* WHAT THE EXERCISE ASKS
Your answer should be exactly the lines from the one that contains "12 августа на" through the final line of the entries below, and nothing else.

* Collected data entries

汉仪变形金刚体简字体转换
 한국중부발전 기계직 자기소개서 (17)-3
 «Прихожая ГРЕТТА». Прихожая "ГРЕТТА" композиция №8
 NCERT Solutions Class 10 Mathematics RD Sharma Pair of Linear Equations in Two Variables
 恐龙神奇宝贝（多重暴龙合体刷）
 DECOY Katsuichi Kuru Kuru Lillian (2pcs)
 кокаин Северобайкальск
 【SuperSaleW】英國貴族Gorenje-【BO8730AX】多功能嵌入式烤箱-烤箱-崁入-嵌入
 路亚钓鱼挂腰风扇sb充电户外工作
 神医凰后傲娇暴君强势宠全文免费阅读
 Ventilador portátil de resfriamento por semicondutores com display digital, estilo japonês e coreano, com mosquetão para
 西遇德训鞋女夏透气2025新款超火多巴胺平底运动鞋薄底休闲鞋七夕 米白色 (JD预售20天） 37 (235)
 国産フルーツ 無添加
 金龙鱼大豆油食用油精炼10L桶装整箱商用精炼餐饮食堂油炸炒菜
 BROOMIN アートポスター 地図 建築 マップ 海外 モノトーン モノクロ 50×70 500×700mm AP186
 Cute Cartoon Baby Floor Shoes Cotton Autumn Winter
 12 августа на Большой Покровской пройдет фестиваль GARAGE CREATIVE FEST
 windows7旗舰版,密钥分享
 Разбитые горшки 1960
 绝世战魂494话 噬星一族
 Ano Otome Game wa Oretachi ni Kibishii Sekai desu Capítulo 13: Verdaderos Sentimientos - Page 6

* SOLUTION TO THE EXERCISE
 12 августа на Большой Покровской пройдет фестиваль GARAGE CREATIVE FEST
 windows7旗舰版,密钥分享
 Разбитые горшки 1960
 绝世战魂494话 噬星一族
 Ano Otome Game wa Oretachi ni Kibishii Sekai desu Capítulo 13: Verdaderos Sentimientos - Page 6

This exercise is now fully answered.